現代における彫刻の在り方や表現に対する独自の見解に対する定評がある作者は、家庭的なものから工業的なもの、機能性から装飾性まで、多種多様な形式から得た影響や文脈をもとに、視覚的なディテールを集積し、重ね、魅力的なものとして発展させる作品を生み出している。
今、最も評価の高いグラフィックデザイナーのひとりであるイルマ・ボームのデザインが施された本書は、先述した作者を象徴する3点のシリーズの表現へと導いたソースや視覚イメージ、関係を明らかにすることで、創作に対する独自のアプローチを提示している。作者の作品とより近く、より親密に繋がることができる時間を与える空間として「本」の形が考え出され、3Dの技術的レンダリングや制作計画、実物大模型、サンプル、リサーチ写真などの種々の資料や、詳細を写したクローズアップ、作品の姿がかわるがわる紹介されている。作品、製作過程、研究資料を公にすることによって、作者はひとつの媒体から違う媒体へと移りゆくモチーフの循環や、ヒエラルキー、表現、制作システムに対する独自の視点、自然とテクノロジー、ポスト工業社会における人間の活動の影響に見られる均衡を探るその手法を、読者に読み解かせているのである。
本書は、作者のいまもなお続く「客体性」に関する思考と、作者の作り出すオブジェや形の奇妙かつ反抗的な作用に最大の誉れを授けるものである。独立した3冊からなり、様々な種類の紙を用いてひとつにまとめられた本書は、それ自体が力を持つオブジェなのである。
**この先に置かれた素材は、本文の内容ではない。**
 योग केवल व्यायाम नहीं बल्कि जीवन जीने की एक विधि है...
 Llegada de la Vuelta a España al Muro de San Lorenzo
アート評論家でキュレーターのアンソニー・ヒューバーマン(Anthony Huberman)による「Leather and Logistics」、作家で美術史家のフィロメナ・エップス(Philomena Epps)による「The Other Hour」、アーティストで作家のショーン・バーンズ(Sean Burns)による「A Love Affair」と、美術史的、文学的視点から作者の活動を分析した3作の寄稿を収録。
「イルマ・ボーム・オフィス(Irma Boom Office)」のフレデリック・ペッシュ(Frederik Pesch)とイルマ・ボームが編集を手がける。